During his healing process, Hopkins endured the grueling ordeal of having staples applied to and removed from his scalp (more than once) and having the doctor insert a needle the size of a pencil into his head to drain the excess fluid that would build up.

Hopkins expressed his deep remorse over the choice he made and what it put his loved ones through.

“I have no one to blame except myself, for what happened,” he said. “I failed to practice my own safety techniques that I’d learned throughout my years of riding, and I nearly lost my life for it. My wife, children, family, friends and co-workers nearly lost me because I was selfish and I chose to drink and wear improper safety equipment while operating my motorcycle.”

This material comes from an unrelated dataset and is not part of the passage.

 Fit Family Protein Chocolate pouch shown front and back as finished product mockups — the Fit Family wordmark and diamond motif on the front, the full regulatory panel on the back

Hopkins, or “Hopper,” as he’s known to his friends, had 14 distinguished years of service behind him when the accident happened, but he will be discharged soon and will lose his career.

Surprisingly to some, however, Hopkins still has an unwavering love for riding, and plans to work on motorcycles after he separates from the Air Force.

But, he said there are two things he will never ride without again:

“A DOT-approved helmet and sobriety,” he said.

Hopkins has a firm grasp of the gravity of his situation, and said he is very thankful to have been able to come out on the other side.

“This is my second chance to continue to be a better father, a better husband, and a second chance to do something I love,” he said. “I am the living example of what may happen to a biker who does not put safety first and respect his bike, and the trauma it can cause. If I can help save one life just by sharing my story, that makes it worth it to me.”